Women ‘compete better in teams’

Women are much more willing to compete as part of a team than as individuals, according to new research which could have implications for the design of competitive environments, such as elections and corporate career ladders.

Women are much more willing to compete as part of a team than as individuals, according to new research which could have implications for the design of competitive environments, such as elections and corporate career ladders.

The study by Professors Andrew Healy and Jennifer Pate from Loyola Marymount University in Los Angeles,   found nearly two thirds of the gap between men and women in the likelihood of them choosing to enter a competition – the so-called ‘gender competition gap’ –  disappears when people compete in two-person teams rather than as individuals.

The study, to be published in the September issue of the Economic Journal, found competing in teams seems to level the playing field, encouraging a higher number of qualified women to take part and discouraging unqualified men. The researchers say this should ultimately help organisations to select the most qualified leaders.

In Healy and Pate’s experiment, the participants had to answer a series of addition problems as quickly as possible. Participants in teams decided whether they wanted to be paid according to the number of problems their two-person team answered correctly or whether they wanted to enter a competition against three other teams. Individual participants decided whether they wanted to compete against three other individuals.

The results show:

– Even though men and women performed equally well on the task, 81% of men chose to compete as individuals compared with just 28% of women.

- In contrast, when participants competed in teams the gap shrank by 31 percentage points to 22%, with 67% of men choosing to compete and 45% of women entering the competition.

- Competing in two-person teams made men less likely to compete and women more likely to compete.

- The reduction in the gender competition gap seems to have come about because women simply tend to feel more comfortable competing in teams, while men feel more comfortable competing as individuals.

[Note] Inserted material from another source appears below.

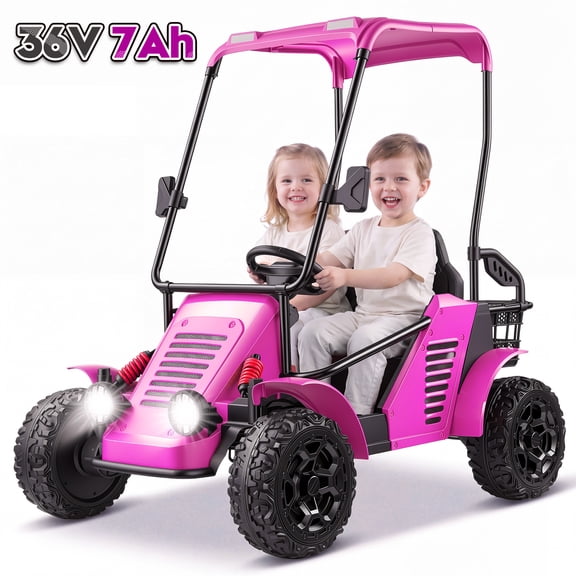 Funcid 36V Kids Golf Cart, 4WD 6.21 MPH 2 Seater Electric Cars with 7Ah Big Battery, 800W Powerful Motors, Detachable Awning and Storage Basket, Ride on Toys for 3-8 Years, Pink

Previous research has shown that a man is much more likely to choose to compete compared with a woman, even when the two are equally good at a given task. This new study indicates that the gender competition gap can be narrowed by simple changes to the environment in which competitions are held.

The researchers say the gender competition gap helps to explain part of the continuing lack of women in positions of power – women continue to hold fewer than 5% of CEO positions at Fortune 500 companies.

They add that it appears to be the case that women often opt out of entering these competitive environments, even though they attract unqualified men. As a result, the gender competition gap may lead organisations to fail to select the most qualified leaders, they say.

The researchers say:  "There is already evidence of markedly higher participation by women in electoral politics in places with party lists than in places where a single person is elected to represent a district. For example, in Germany and New Zealand, where some representatives are elected by each method, women are about three times more likely to be elected from the team-based competitions than the individual ones. Similar emphasis on teams in other fields may lead more qualified women to choose to compete."